Education is a Challenge
Relational database design, like cybersecurity, spans a wide range of very in-depth topics full of nuances and experience-driven decisions. In other words, there is a lot to learn and it isn't easy to teach. Another aspect of the problem is that database design isn't being taught very well, if at all, in typical database related coursework. Database courses focus on dry definitions of the various levels of normalization, yet spend zero effort teaching best practices for the design process or the decisions that go into determining the appropriate level of normalization.
Lots of theory, little application
Typical course work provides simple examples of creating tables, inserting and selecting data, and deleting tables. There is typically zero time spent discussing the realities of maintaining a production database with actual business requirements, up-time guarantees and the proper handling of sensitive data. Most notably, there is no discussion of the ethics of being the steward and gatekeeper for an organizations most important asset: it's data.
That last point is especially important for data professionals with the GDPR implementation almost here (May 2018).
Normalization and DML syntax is important to learn and understand, but it is such a tiny component of overall database design.
Side note: Database design process
Do yourself a favor and start on a whiteboard or paper. Seriously, don't write a single line of code, or even create the empty database, until you have invested some time sketching out tables, relationships, table names, basic columns, etc. Until then, you aren't ready to build a database. Even in Agile this should be considered part of "just enough design."
Most common anti-patterns
Below are the five (5) most common and problematic database anti-patterns I have dealt with in the past 10+ years. If you can learn to avoid these problems you're doing yourself and the world a favor.
Anti-Pattern One: Tables without PRIMARY KEY
I wish I was kidding when I say this, but once upon a time I found a database that had more than 200 tables without primary keys. None. Isn't the first thing taught in an Introductory SQL course that primary keys are a good thing?! If you read about relational databases on Wikipedia, the 4th sentance says (emphasis mine):
"This model organizes data into one or more tables (or "relations") of columns and rows, with a unique key identifying each row."
Ok, the casual reader may not understand that "a unique key identifying each row" is hinting at a primary key, but that's OK because only a handful of sentences later under the header "Keys" it says:
"Each row in a table has its own unique key."
... and ...
"Therefore, most physical implementations have a unique primary key (PK) for each table."
Got it. Tables should always have a unique primary key. Please make sure your tables have appropriate primary keys.
The problem of missing primary keys is almost always much bigger than just the PKs themselves. If there are no primary keys it's safe to assume that there are no foreign keys, unique constraints, or other helpful database constructs that help enforce data integrity and improve performance.
Anti-Pattern Two: CHAR(N) instead of VARCHAR(N)
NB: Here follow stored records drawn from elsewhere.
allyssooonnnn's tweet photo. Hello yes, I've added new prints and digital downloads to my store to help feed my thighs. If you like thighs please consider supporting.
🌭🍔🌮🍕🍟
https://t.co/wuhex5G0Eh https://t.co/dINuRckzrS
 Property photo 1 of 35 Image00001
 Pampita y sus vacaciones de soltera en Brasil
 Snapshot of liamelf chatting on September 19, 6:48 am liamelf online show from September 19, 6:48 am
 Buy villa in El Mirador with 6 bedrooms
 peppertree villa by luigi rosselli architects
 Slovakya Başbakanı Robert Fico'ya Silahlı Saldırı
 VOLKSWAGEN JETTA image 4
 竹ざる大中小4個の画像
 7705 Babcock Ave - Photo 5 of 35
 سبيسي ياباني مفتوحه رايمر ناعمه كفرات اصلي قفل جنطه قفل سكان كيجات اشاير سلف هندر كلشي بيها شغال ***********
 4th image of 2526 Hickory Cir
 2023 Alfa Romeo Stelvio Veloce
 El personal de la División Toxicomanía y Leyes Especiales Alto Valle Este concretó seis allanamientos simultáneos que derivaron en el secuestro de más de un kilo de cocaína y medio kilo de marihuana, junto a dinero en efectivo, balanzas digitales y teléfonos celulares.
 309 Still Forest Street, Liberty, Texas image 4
In one database I found more than two dozen CHAR(12) columns that were storing variable length strings... yet CHAR(N) is only appropriate for fixed lenth strings. The average length of the data stored in those columns was only 7 characters, thus padding 5 bytes on average per value. (I go into further detail below under "Modeling data sizes") A second problem here was that expected values were (supposed to be) longer than 12 characters. Values with more than 12 characters were silently truncated. For example, the value "Flaminco guitar" would silently be cut off as "Flaminco gui". Hm, Flaminco GUI? Flaminco Graphical User Interface? That sure would make planying Flaminco Guitar easier!
Had those column been a sensible VARCHAR(50) everything would have been fine.
Silently truncating data quality errors is a sin of its own! Never do this.
Another side-effect was the padding stored in CHAR fields resulted in code like this scattered everywhere, though I'm still not sure why the LTRIM was necessary. My best guess is that it wasn't ever needed, the author of the code simply didn't know what was required so threw it in for a dose "Just in case".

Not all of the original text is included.